API

pStringProc.checkSymbols

Checks the types of keys and values in a symbol lookup table, raising an error upon encountering a problem.

pStringProc.checkSymbols(symbols)
  • symbols: The symbol lookup table. All keys must be strings, and all values must be one of: string, number, function, or boolean true.

Notes

The iteration order is undefined.


pStringProc.checkWords

Checks words in a production table against the keys in a symbol lookup table. Raises an error if the symbol table does not have entries for all words in the production table.

pStringProc.checkWords(symbols, t)
  • symbols: The symbol lookup table.

  • t: The production table to check.


pStringProc.toTable

Converts a grammar production string to a table.

local t = pStringProc.toTable(s)
  • s: The production string to convert.

Returns: The converted table, to be used with pStringProc.traverse.


pStringProc.traverse

Processes a string, following a grammar production table and a table of symbols.

local res = pStringProc.traverse(W, t, symbols)
  • W: The walker object, configured with the string to be processed and its start position.

  • t: A production table for the string, having been created by pStringProc.toTable.

  • symbols: A lookup table of symbols.

Returns: A table of return values, or false if the walker’s string failed to match the grammar.

Module Notes

Notation

string literal

" / ': A string literal, enclosed in single or double quotes.

"foo" 'bar'
  • "Empty" string literals are permitted: '', ""

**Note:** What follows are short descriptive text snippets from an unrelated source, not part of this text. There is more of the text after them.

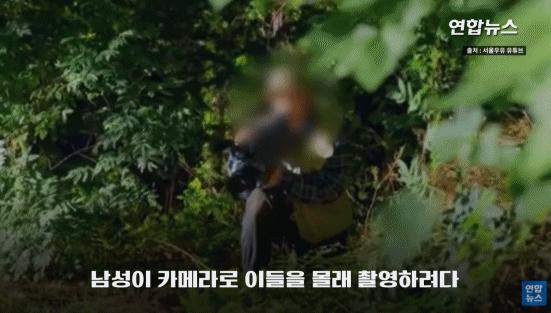 把女人比作奶牛？韩国牛奶公司广告被批，然而已经不是第一次了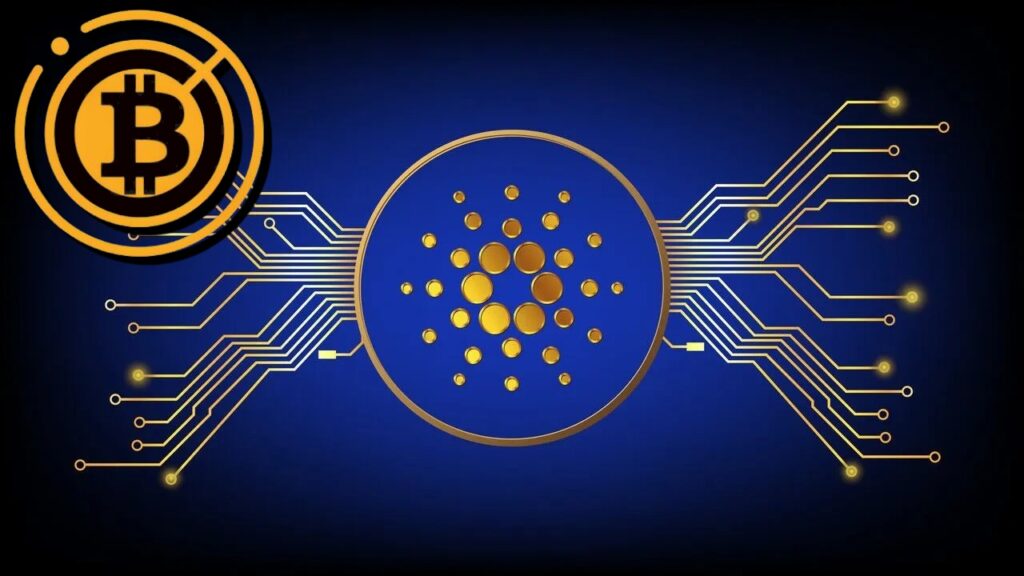 Cardano erreicht ein 2-Jahres-Hoch von 0,97 $; Analysten sind hinsichtlich des 1-Dollar-Ziels für das Wochenende optimistisch SHIB und Cardano: Bahnbrechende Veränderungen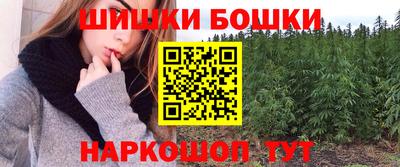 спиды Гатчина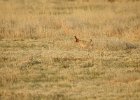 Lesser Prairie-Chicken (21)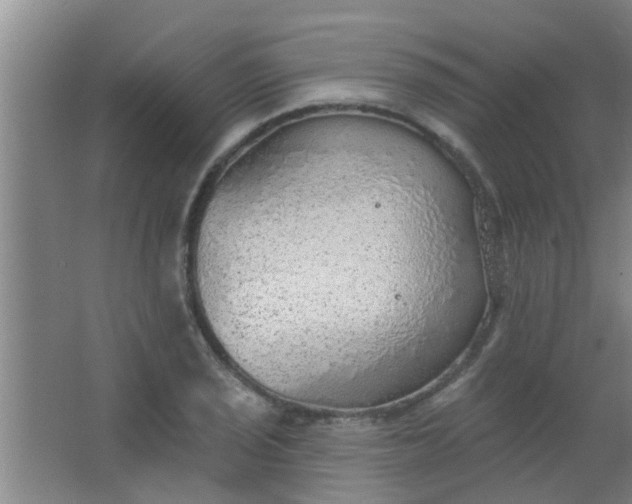 X0000063451029200602031802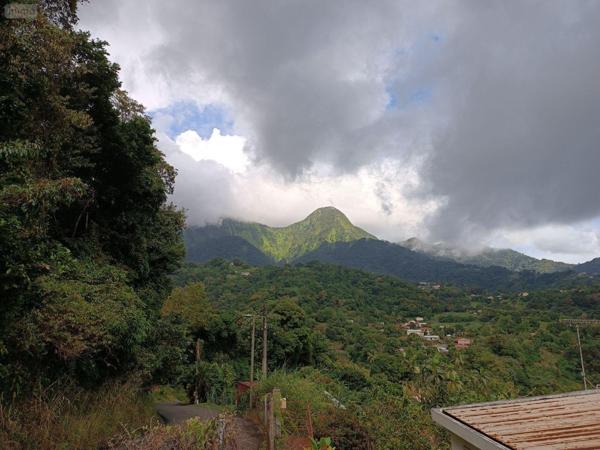 Maison à vendre à Le Morne-Vert en Martinique (97226), ref : 87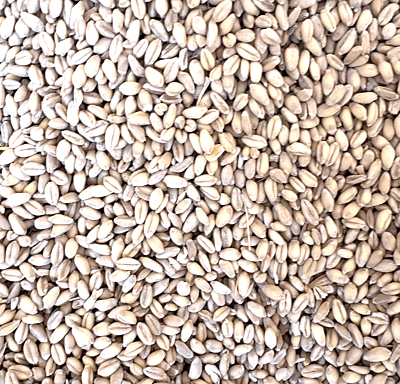 Whole Wheat.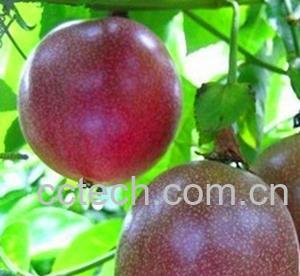 果蔬百科西番莲-0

  • You can enclose one type of quote within another, like "foo 'bar' baz".

  • There is no character escape mechanism.

word

[a-zA-Z0-9_]+: Any non-empty string of latin letters, digits and underscores.

foo
  • The word must be populated in the symbol lookup table. Unhandled words will raise an error.

match zero or one

foo?

match zero, one, or many

foo*

match one or many

foo+

group

(): A subgroup of tokens that are handled like one word.

foo (bar baz) bop
  • Empty groups are permitted: ()

  • It’s an error to have an unbalanced number of brackets: a((b), ab)c

alternate

|: Alternate choice.

foo | bar
  • If this expression failed, try the next token in the group.

  • If this expression succeeded, exit the group.

  • It’s an error when an alternate token is not followed by an expression: foo |, foo | | bar

Precedence

From highest to lowest: (), A[?*+], A B, A | B

Traverse Return Tables

On success, pStringProc.traverse returns a table of values that were fetched while processing the string:

  • Quoted string literals: appended with the quotes stripped.

  • Group (Parentheses): If successful, group results are appended to this level’s results table.

  • Words: results are based on the symbol lookup table.

On failure, it returns false.

Symbols

The symbols lookup table controls how words are processed. The keys in this table match words in the production table, while the values determine the evaluation status of words. The values control what is included in the return table.

Values can be any of the following:

  • false/nil: failed to process the word.

  • true: success; add nothing to the results table.

  • String, Number: success; add the value to the results table.

  • Table: success; the table’s array contents are pasted into the results table.

  • Function:

    • Takes W (the walker) as its only argument.

    • Returns false/nil, true, a string, a number, or a table.

When a function returns a table, the second return value being true will cause the table itself to be added rather than its array contents. The second return value has no significance in other cases.

The function is expected to advance the walker’s position.

Be careful about function side effects, as the return table’s contents may be erased or go unused if an expression fails. Also, it’s an error for the traversal function to encounter a word that is not populated in the symbols table.

Infinite Loops

The parser can be tricked into reading the same chunks over and over. For example, the following production will loop endlessly (assume that 'never' returns nil every time):

(never*)*

Zero matches of 'never' is OK, so the outer group is continuously successful.

Empty string literals ('', "") will not advance the walker position, so they will match endlessly when paired with * or +.

To halt infinite loops, assign a large (but not too large) number to pStringProc._iter before every top-level call to the parser. If the loop count exceeds this number, the parser will raise an error.

No Sets Or Ranges

pStringProc does not support matching characters by ranges, like [#x20-#xd7ff]. Lua’s built-in string engine works on characters as bytes, so it’s not easy to match ranges of Unicode code points greater than U+007F, which can be two, three or four bytes in size when encoded as UTF-8.

No 'Except' Token

There is no except token (-). The XML spec’s except is mostly used to describe forbidden substrings within larger runs of text.


VERSION: 2.106